Söz konusu siyasetçi ve toplum liderliğine soyunan kişi olduğunda bunda sınır yok demektir. İlgi alanına giren bütün insanların takdirini kazanmak ister. Bu insanların bir limiti bulunmuyor.

Siyaset ve toplum liderliğine soyunan kişinin yapması gereken şey tarihten iyi ve kötü karakterler oluşturmak. Bilinen karakterler varsa onların bu yönlerini keskinleştirmek. Kötü karakterlerin keskinleştirilmesi bu yazının konusu olmadığı için öteki şık üzerinde durmak istiyorum.

Günümüz ve yakın geçmişin siyasetçi ya da toplum liderlerine baktığımızda bu yöntemi çok sık bir şekilde kullandıklarını görürüz. Aslında geçmişteki isimleri ululaştırarak, kendilerinin yüceltilmesini sağlayacak iklimin oluşturulmasına zemin hazırlarlar.

Bu tavır, söz konusu kişiler için tahmin edilenin de ötesinde kârlı bir yatırım aracı. Sen geçmişteki karakterleri ne kadar yüceltirsen, ne kadar ulularsan, kendine o kadar yatırım yapıyorsun demektir.

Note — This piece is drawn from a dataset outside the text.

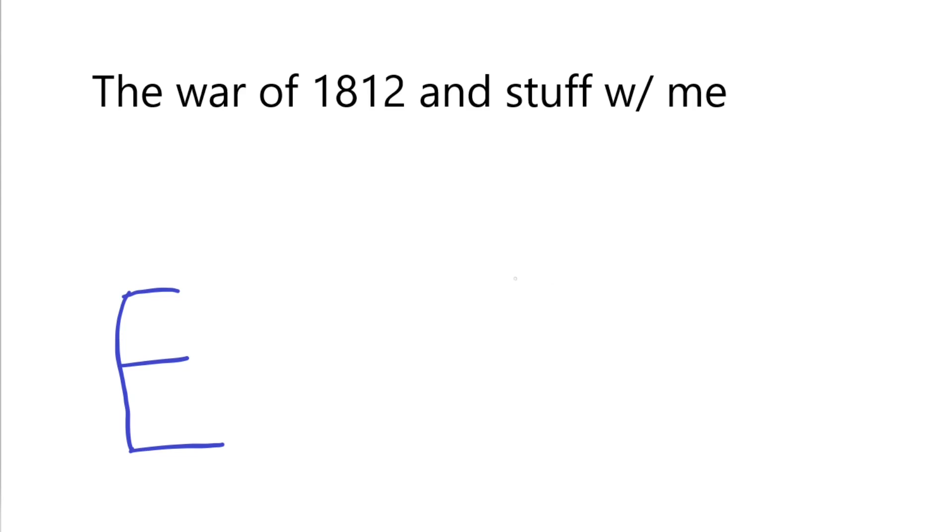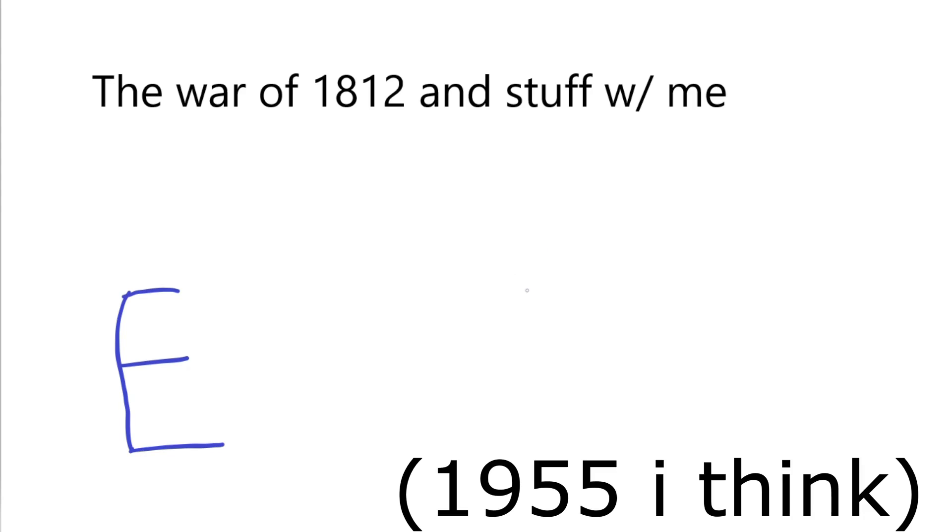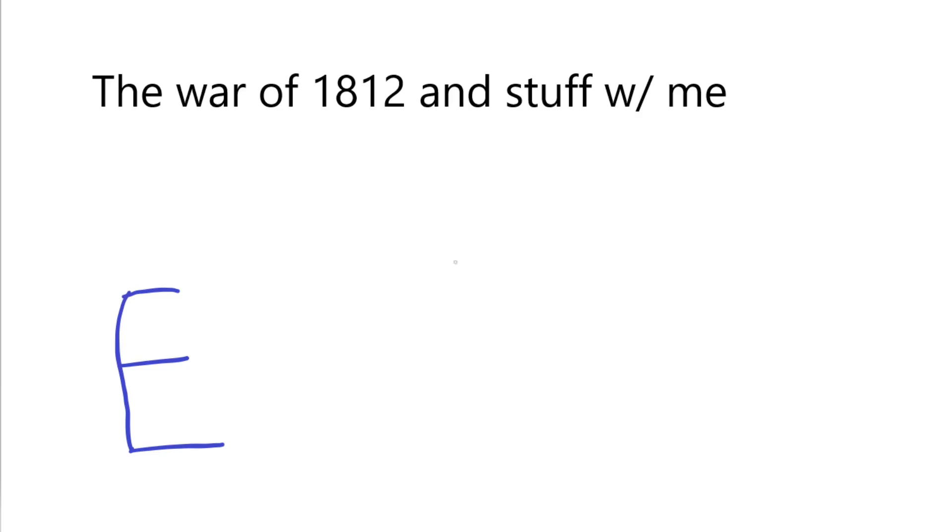So let's divide that by the year that Albert Einstein died. And the answer is two. So I guess the War of 1812 took place in two.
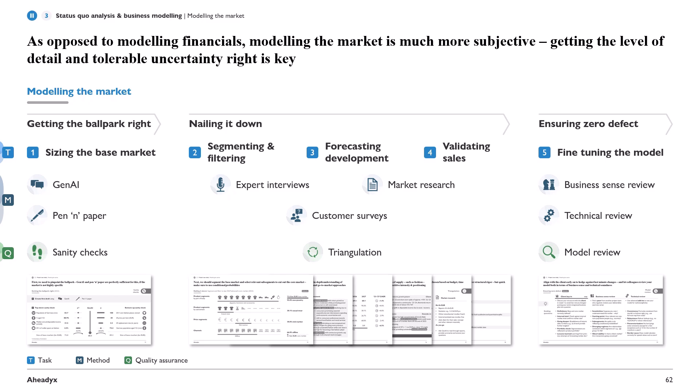For each phase we use a distinct set of methods. To get the ballpark right, we'll use a chatbot and some pen-and-paper work. To nail it down, we need to look into segmenting and filtering — and this is why market modeling is more subjective than modeling financials. With an income statement or balance sheet you're not supposed to change the structure, but here the structure is one of your key contributions. So we'll look in detail at the segments and channels that Old-Fashioned serves.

BUNUN TÜRK GEÇMİŞİNDEKİ KAYNAĞI

Esas itibariyle bu yaklaşımın hem dini, hem de töresel kaynağı var. Bilinen en eski Türk anıtı olarak kabul edilen kalıntılarda bunun kaynağına rastlıyoruz. Moğolistan’daki Orhun ırmağı yakınlarında bulunan anıtlarda, yöneticiyi kutsamanın ulaştığı noktanın neresi olduğunu açık bir şekilde görüyoruz.

Bilge Kağan anıtının “birigerü” cephesindeki ilk cümleler bunu net bir şekilde ortaya koyuyor:

“Tengri teg tengride bolmış Türk Bilge Kaġan, bu ödke olurtum. Sabımın tüketi eşidgil. Ulayu ini yigünüm oġlanım biriki oġuşum bodunum, biriye şadpıt begler, yırıya tarķat buyruķ begler Otuz [Tatar…]”

Prof. Dr. Muharrem Ergin’in Orhun Anıtları kitabındaki tercümesiyle:

“Tanrı gibi gökte olmuş Türk Bilge Kağanı, bu zamanda oturdum. Sözümü tamamiyle işit. Bilhassa küçük kardeş yeğenim, oğlum, bütün soyum, milletim, güneydeki şadpıt beyleri, kuzeydeki tarkat, buyruk beyleri, Otuz Tatar…” (1)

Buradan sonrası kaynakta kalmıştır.